- _WHAT TO WORK ON_: Pictures are to be dropped, and only the lines from the one containing "象棋棋譜圖片：騎豬去沖浪(人王)-負(fù)-帥淇(天帝) - 步數(shù)：90" through the end of the data below are to be reproduced as written.

- _LISTED RECORDS_:
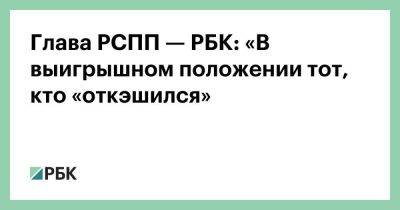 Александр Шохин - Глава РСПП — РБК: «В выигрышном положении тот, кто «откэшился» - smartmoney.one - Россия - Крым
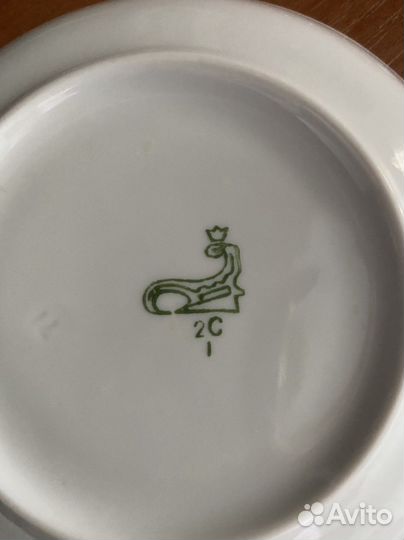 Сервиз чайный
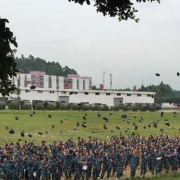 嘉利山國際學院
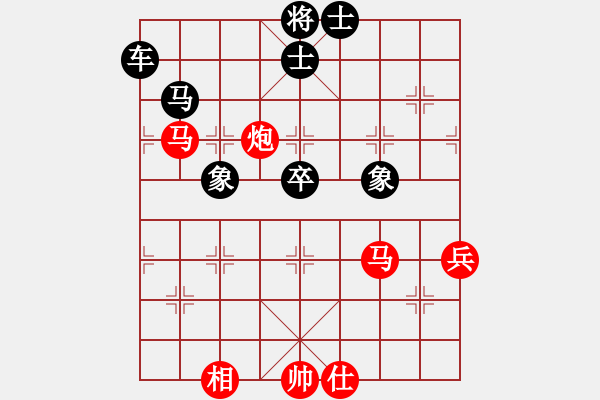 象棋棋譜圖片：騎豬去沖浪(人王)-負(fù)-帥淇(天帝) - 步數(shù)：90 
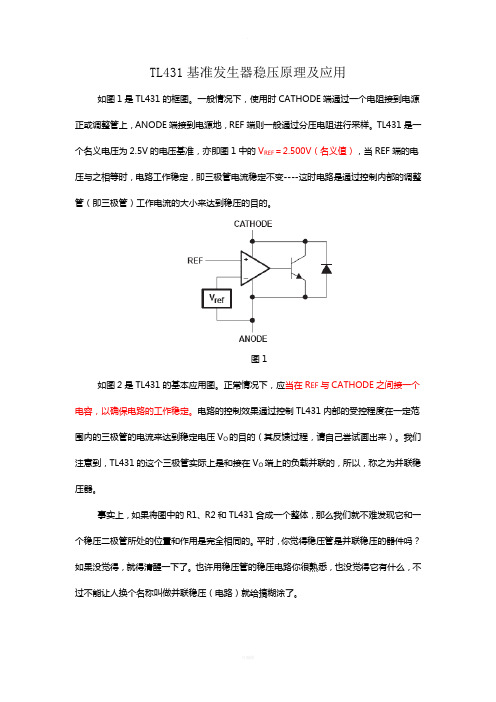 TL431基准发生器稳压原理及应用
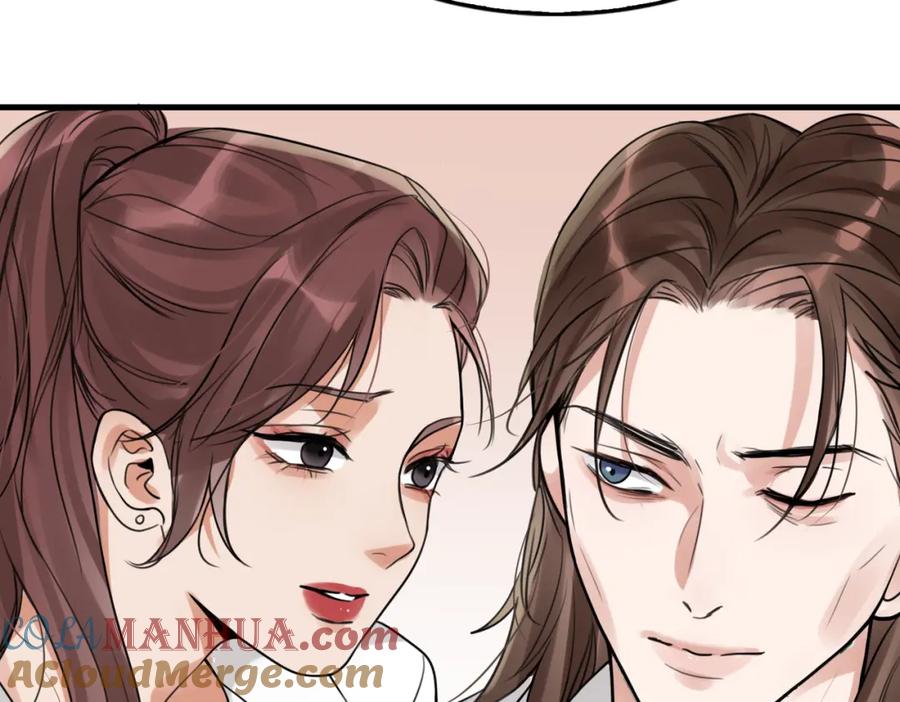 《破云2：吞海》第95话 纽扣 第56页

- _EXERCISE OUTPUT_:
 象棋棋譜圖片：騎豬去沖浪(人王)-負(fù)-帥淇(天帝) - 步數(shù)：90 
 TL431基准发生器稳压原理及应用
 《破云2：吞海》第95话 纽扣 第56页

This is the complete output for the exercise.